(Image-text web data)
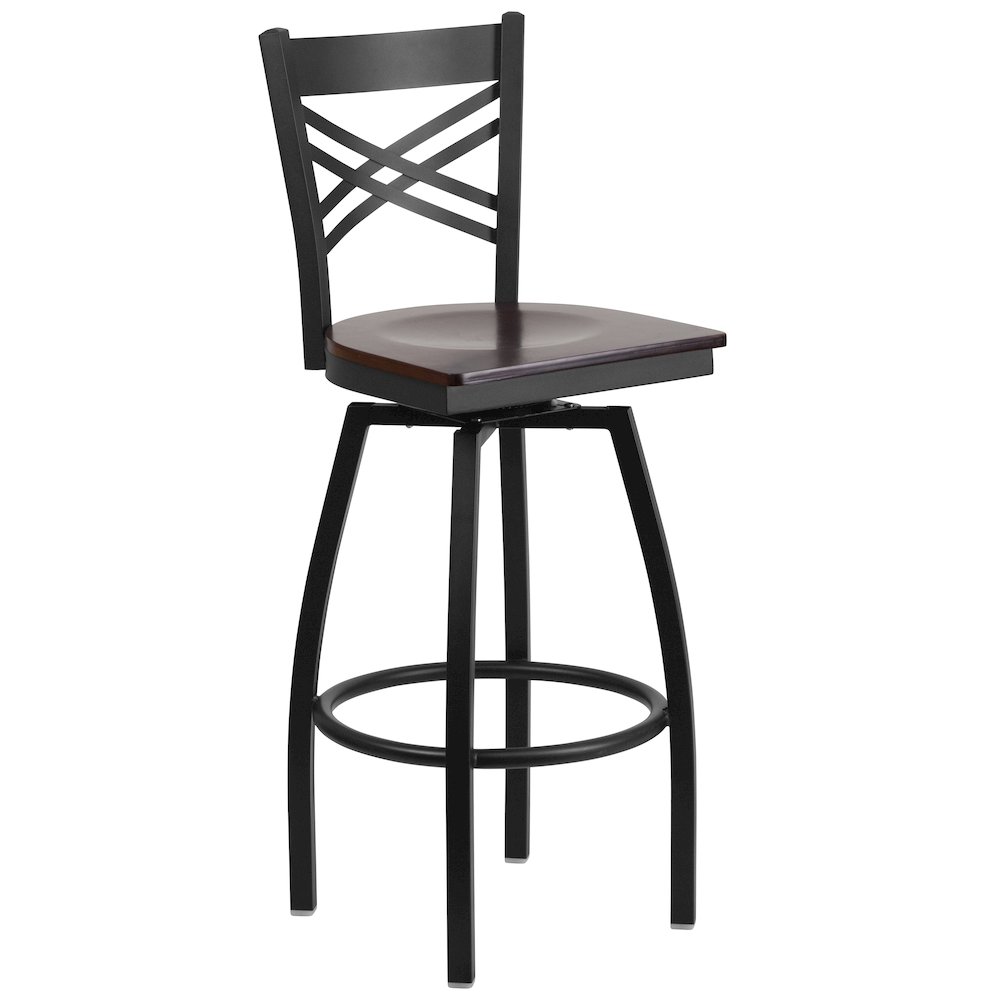 Black ”X” Back Swivel Metal Barstool – Walnut Wood Seat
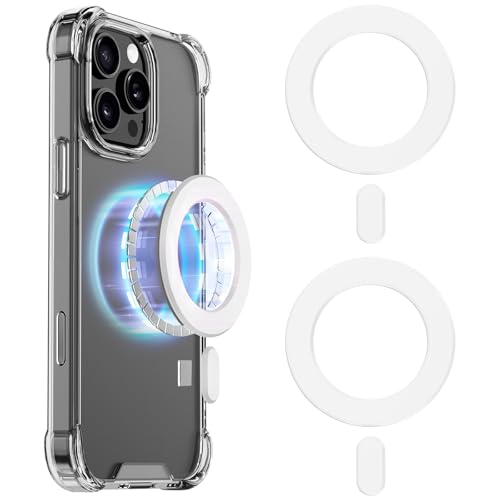 KALAPOP for Strong Magsafe Magnet Sticker 2Pack Magnetic Adapter Ring for Phone Cases Mag Safe Accessories Compatible with iPhone 17/Air/16/15 Galaxy S24/S23/Ipad/Kindle/Popsocket(White 2PCS)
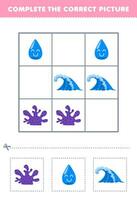 Education game for children complete the correct picture of a cute cartoon water wave and coral printable nature worksheet vector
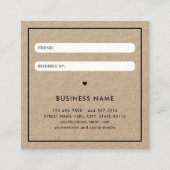 Modern Bold Verwijs een Vriend Kraft-Document Verw Vierkante Visitekaartje (Achterkant)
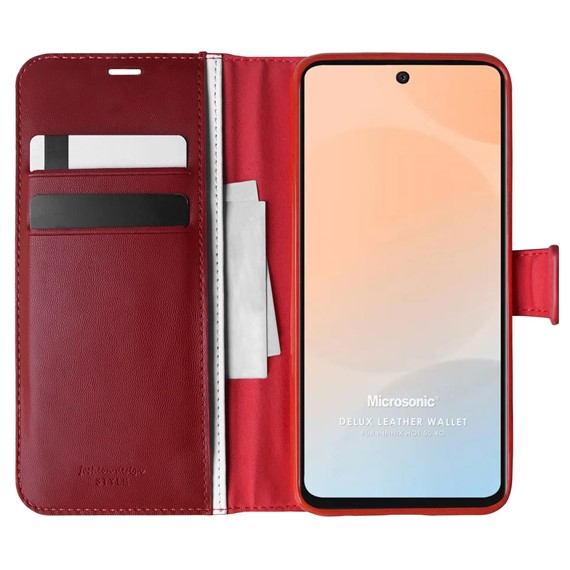 Microsonic Infinix Hot 50 4G Kılıf Delux Leather Wallet Kırmızı 1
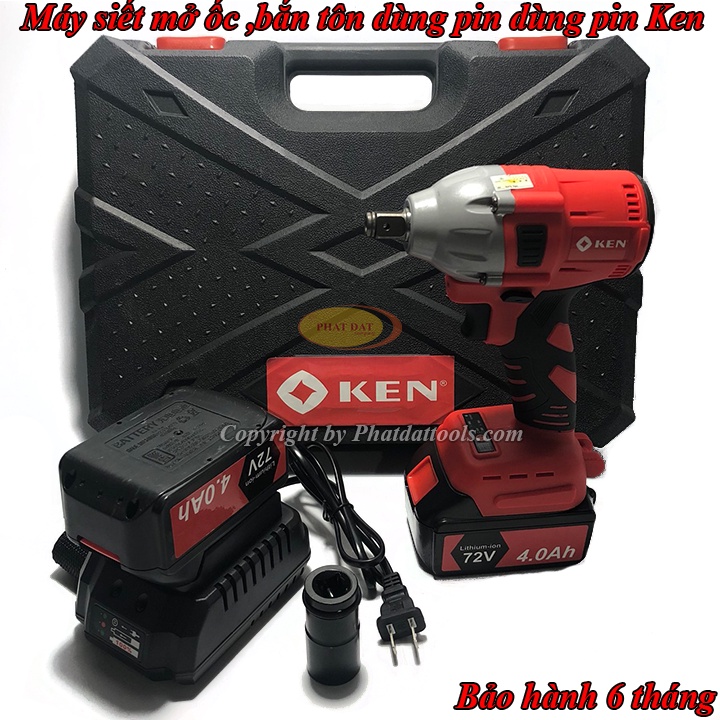 Máy siết mở bulong-máy bắn ốc bulong pin Ken-Động cơ từ không chổi than-Bảo hành 6 tháng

# TO DO:
Only lines from the one holding "KALAPOP for Strong" through the last line of the entries above are wanted, both ends included, each retyped exactly; no pictures.

# RESPONSE TO THIS TASK:
 KALAPOP for Strong Magsafe Magnet Sticker 2Pack Magnetic Adapter Ring for Phone Cases Mag Safe Accessories Compatible with iPhone 17/Air/16/15 Galaxy S24/S23/Ipad/Kindle/Popsocket(White 2PCS)
 Education game for children complete the correct picture of a cute cartoon water wave and coral printable nature worksheet vector
 Modern Bold Verwijs een Vriend Kraft-Document Verw Vierkante Visitekaartje (Achterkant)
 Microsonic Infinix Hot 50 4G Kılıf Delux Leather Wallet Kırmızı 1
 Máy siết mở bulong-máy bắn ốc bulong pin Ken-Động cơ từ không chổi than-Bảo hành 6 tháng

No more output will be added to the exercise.